Document clusterign is the task of categorizing documents into different groups based on their textual and semantic context. It is an unsupervised technique as we have no labels for the documents and it has applications in information retrieval and search engines
Lets get started…
In order to classify the documents based on their content, I decided to use K- means algorithm. Due to the fact the the items are un-labeled , it is clearly a unsupervised learning problem and one of the best solution should be K-Means. Of course we can use a different algorithm, such as Gaussian mixture models or even deep learning methods such as Autoencoders. I will use python with Jupyter notebook, to combine the code and the results with the documentation.

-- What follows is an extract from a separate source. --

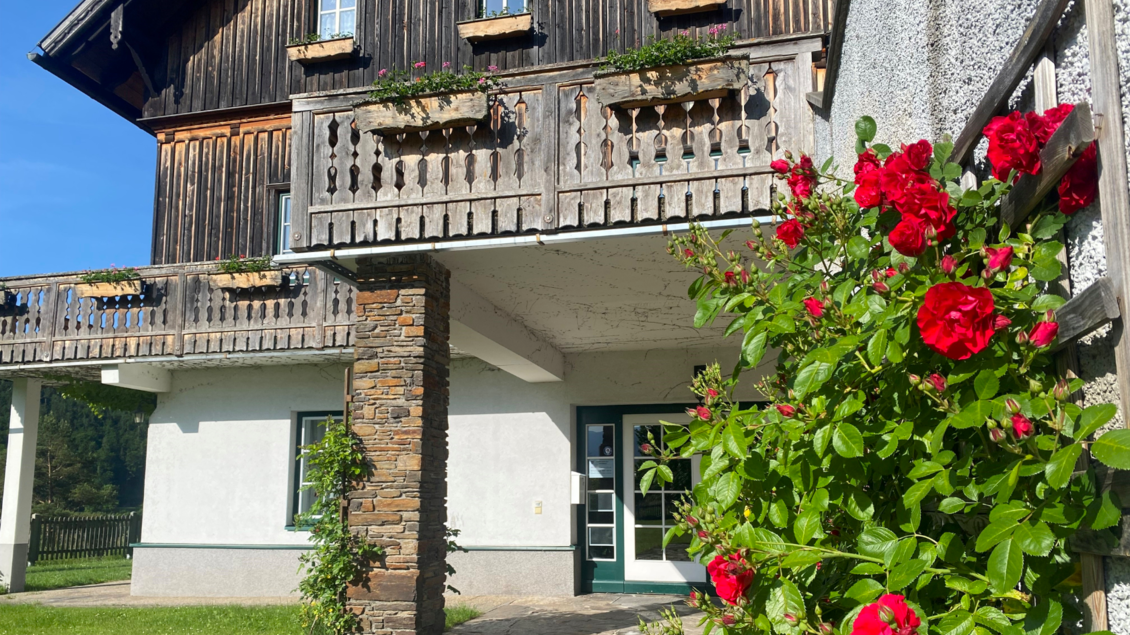 Ein charmantes Haus mit Holzfassade und einem Balkon voller Blumen. Vor dem Haus blühen rote Rosen und die Sonne scheint auf das Grundstück. | © Bettina Scheck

I develop the code in Anaconda environment and i use the following dependencies:
Pandas for data handing
Sklearn for machine learning and preprocessing
Matplotlib for plotting
Ntlk for natural language algorithms
BeautifulSoup to parse the text from xml file and get rid of the categories
Parsing the Data
The function parseXML uses the xml.etree.ElementTree to parse the data. I decided to use only the title and the description of the items for the clustering, which are the most relevant to semasiology. Because of the fact that the description is not raw tex , we extract the text with the BeautifulSoup library, as I already mention. Also we drop the items with a very small description , because they affect the final clustering. We can consider that they all belong to an extra cluster. Of course, there are ways to include them, but I do not use them for the moment.
import xml.etree.ElementTree as ET
import pandas as pd
import nltk
from sklearn.cluster import KMeans
from sklearn.externals import joblib
from sklearn.feature_extraction.text import TfidfVectorizer
from sklearn.metrics.pairwise import cosine_similarity
nltk.download('punkt')
from bs4 import BeautifulSoup
from nltk import SnowballStemmer
import re
def parseXML(xmlfile):
tree = ET.parse(xmlfile)
root = tree.getroot()
titles=[]
descriptions=[]
for item in root.findall('./channel/item'):
for child in item:
if(child.tag=='title' ):
titles.append(child.text)
if (child.tag == 'description' ):
soup = BeautifulSoup(str(child.text).encode('utf8','ignore'), "lxml")
strtext=soup.text.replace(u'\xa0', u' ').replace('\n',' ')
descriptions.append(strtext)
return titles,descriptions
bef_titles,bef_descriptions = parseXML('data.source.rss-feeds.xml')
print('Count of items before dropping:' ,len(bef_titles))
titles=[]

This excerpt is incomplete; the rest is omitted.